Sunday, August 22, 2021

Elimelekh and Zusia

 One night while the brothers were still leading a deliberately anonymous and restless existence, they were stranded at a village inn where a wedding was being celebrated.

Excited by the wine and noise, a band of ruffians, eager for new distractions, decided to have some fun with the two uninvited guests huddled in a dark corner behind the hearth. For no particular reason , Zusia was the one they grabbed. They made him twirl and stumble and let the blows rain on him before letting him go. An hour later they started all over. And so it went until late into night.
“Why does it have to be you, always you?” whispered Elimelekh.
“Such is the will of God” Zusia groaned weakly.
“I have an idea. Let us change places. They are too drunk to notice. You’ll see, next time they’ll take me- you’ll be able to rest.”
He was wrong. For at this very moment one of the drunkards cried out, “But there are two of them! And it is always the same we honour with our company! That is not good, that’s not right! Let’s take a look at his friend....”
Later, Zusia told his brother; “You see? It isn’t up to us; we are powerless. Everything is written.”

*

All his life Elimelekh aspired to fulfill himself through suffering, which taunted him by eluding him.
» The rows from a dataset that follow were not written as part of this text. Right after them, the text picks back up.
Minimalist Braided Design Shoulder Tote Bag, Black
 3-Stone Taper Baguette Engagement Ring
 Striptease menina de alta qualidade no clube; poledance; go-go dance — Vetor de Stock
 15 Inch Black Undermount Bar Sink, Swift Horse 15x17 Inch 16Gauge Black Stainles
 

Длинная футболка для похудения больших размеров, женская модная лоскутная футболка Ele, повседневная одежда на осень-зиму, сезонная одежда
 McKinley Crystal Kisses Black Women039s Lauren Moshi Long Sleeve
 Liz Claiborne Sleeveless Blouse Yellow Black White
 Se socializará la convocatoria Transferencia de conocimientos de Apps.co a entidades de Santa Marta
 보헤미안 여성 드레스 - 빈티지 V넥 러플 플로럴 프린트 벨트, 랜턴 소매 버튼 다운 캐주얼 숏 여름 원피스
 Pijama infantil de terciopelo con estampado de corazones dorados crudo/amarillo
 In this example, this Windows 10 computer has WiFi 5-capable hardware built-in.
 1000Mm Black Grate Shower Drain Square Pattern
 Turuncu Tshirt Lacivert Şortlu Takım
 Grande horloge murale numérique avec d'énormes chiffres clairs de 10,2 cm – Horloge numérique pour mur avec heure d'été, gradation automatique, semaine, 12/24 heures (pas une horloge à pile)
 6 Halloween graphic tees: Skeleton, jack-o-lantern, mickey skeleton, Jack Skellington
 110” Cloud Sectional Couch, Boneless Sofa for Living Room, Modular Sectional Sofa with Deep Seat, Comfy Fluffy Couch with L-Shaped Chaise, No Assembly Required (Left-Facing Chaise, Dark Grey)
Whereas Zusia, constantly beaten by life and tormented by Him who gives life, considered himself to be the happiest of men.

*
 
“Zusia, how can you thank the Lord? What about your suffering?”
“My suffering?” asked Zusia amazed, “Who is suffering? Not I. I am happy. Zusia is happy to live in the world that God blessed be He, created. Zusia lacks nothing, needs nothing. Everything he wants , Zusia has, and his heart is filled with gratitude.”
He had not even understood the question. On another occasion he nevertheless felt it necessary to explain the problem of good and evil, and he did it in his inimitable way: “True, suffering exists. Like everything it too comes from God. Why does it exist? I’ll tell you: man is too weak to accept or absorb divine charity, which is absolute. For that reason, and that reason alone, does God cover it with the veil that is pain.”
In his extreme naïveté, he simply could not conceive of anything in creation not testifying to God’s mercy. Unhappiness he dismissed as a figment of the mind. Wounds were opened only to be healed. When his own wife made his life miserable , he showed her his pillow, drenched with tears, and she repented and became good. No tear is in vain, no prayer goes unheard. If woman can be moved, would God remain inflexible? Man has no reason to complain.

*

He came to an inn and noticed birds in a cage Naturally he freed them. And naturally the innkeeper thought otherwise—and gave him a lesson without words. No matter , here was Zusia, back on the road, his body aching but his spirits high, carefree and deliriously happy. Man is made to be happy, even when his tormented flesh cries out in pain.